Recent work for Dragonboy Productions includes In and Out of Chekhov’s Shorts, which he adapted from some of the best of Anton Chekhov’s short stories. Eliot performed in and directed the show which toured to 27 theatres across the country before enjoying a short and critically acclaimed run at Southwark Playhouse where the production was awarded an OffComm. He wrote and directed Tales from a Thousand and One Nights which toured nationally and prior to this, Eliot played the role of Prospero in The Tempest - which he adapted and created with the Spanish company, Le Tendre Amour. The show opened the International Festival of Theatre in Malaga and subsequently played in France at the Théâtre de L'Oulle, Avignon and the Palace of Versailles as part of Festival Mois Moliere. It was performed at the Abbaye de Neumünster in Luxembourg as part of the British Council's Shakespeare Lives programme and at the International festival of theatre in Alaca, Madrid, the Teatro Real Coliseium Carlos III in El Escorial, the Auditori l´Atlàntida in Vic and at the Auditori Sant Cugat in Barcelona. The production was subsequently nominated for the Gran Premio de España de Artes Escénicas.

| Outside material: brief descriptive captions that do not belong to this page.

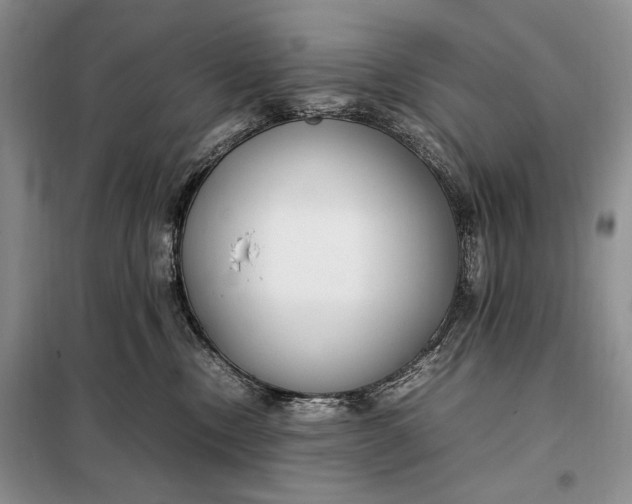 X0000098120378200804181527
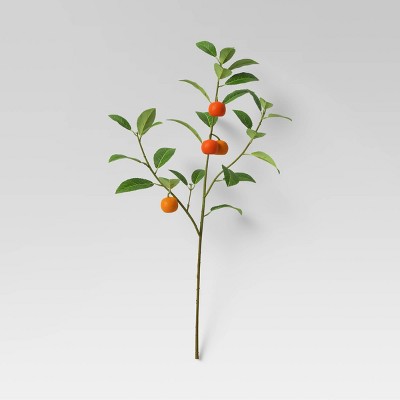 28" Artificial Citrus Plant Stem with Leaves - Threshold™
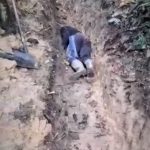 Opinião: Políticos mentem sobre garimpo, enquanto guerrilha segue na Terra Yanomami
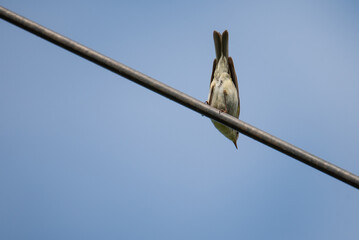 a warbler bird sits on an antenna against the sky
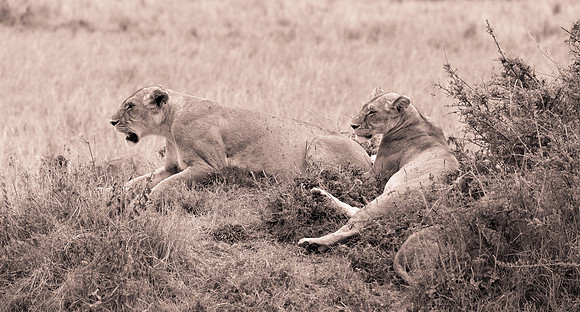 20130919_Kenya_0045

Other acting credits include William Hawkins in The Hamlet Voyage (Bristol Harbour Festival/Bridewell Theatre), Witness for the Prosecution (London County Hall), Captain Corelli’s Mandolin, (Harold Pinter Theatre, West End and tour), playing the title role in The Beekeeper (Blackeyed Theatre/Waterloo East) for which he received an OFFIE Best Actor nomination, Alice in Wonderland (Guildford Shakespeare Company), Alarms and Excursions (Chipping Norton), The Resistible Rise of Arturo Ui (Liverpool Playhouse Nottingham Playhouse), Il Turco In Italia (Royal Opera House); Measure for Measure (Thelma Holt Productions); A Small Family Business(Watford Palace Theatre); Don’t Look Now (Lyric Hammersmith); The Comedy of Errors, Titus Andronicus (Shakespeare's Globe); Twelfth Night (Royal Exchange Manchester); Rosencrantz & Guildenstern are Dead, Horse & Carriage (West Yorkshire Playhouse); The Black Dahlia, Buried Alive, The Cherry Orchard, Demons and Dybbuks (Method & Madness); A Midsummer Night's Dream (Nuffield Theatre Southampton); The Government Inspector (Salisbury Playhouse); Man for Hire (Stephen Joseph Theatre Scarborough); The Lion the Witch & the Wardrobe (Library Theatre Manchester); Oxygen (Tricycle Theatre).

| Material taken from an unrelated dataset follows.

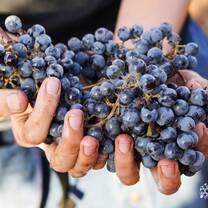 The grapes growing in Israel today are winning awards around the world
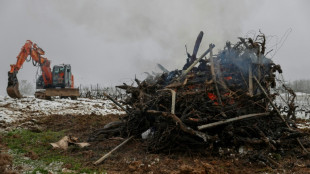 Crise viticole: pr&egrave;s de 8.000 hectares vou&eacute;s &agrave; l'arrachage dans le Bordelais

TV work includes Mind Games (ITV) and Egypt (S4C) and Film work includes Slow Horses (Apple TV) Nine (Lucamar/ Weinstein); Night Swimming (Tri-Star); DIY Hard (British Film Foundation); Cake (Subrosa Films); The Security Control Room (Pukka Films)
Eliot directed Blackeyed Theatre's productions of Frankenstein, (which won the IKE Award for outstanding theatre), The Great Gatsby, Dracula and Not About Heroes, all of which toured nationally. For Armonico Consort he directed Baroque Around the Block and Monteverdi's Flying Circusas well as a production of West Side Story that played at the Belgrade Theatre, Coventry. Other directing credits include The Imperfect Pearl for Latimer Productions about the life of the Baroque composer Domenico Zipoli, the world premier of Knackerman by Rosanna Negrotti (White Bear Theatre) and Stephen Sharkey’s minaturist piece Retrospective (Arcola Theatre).
What was you first role and what first attracted you to theatre?
My Archangel Gabriel in the School Nativity play, aged 5 was, I’m reliably informed, a sight to behold. I think I probably realised from an early age that acting was something you could do to show off without getting into trouble! I also had a really inspiring English teacher at school - Dave Smith - who suggested that I audition for the National Youth Theatre. I did audition, got a place and had a wonderful summer performing and after that there was no looking back.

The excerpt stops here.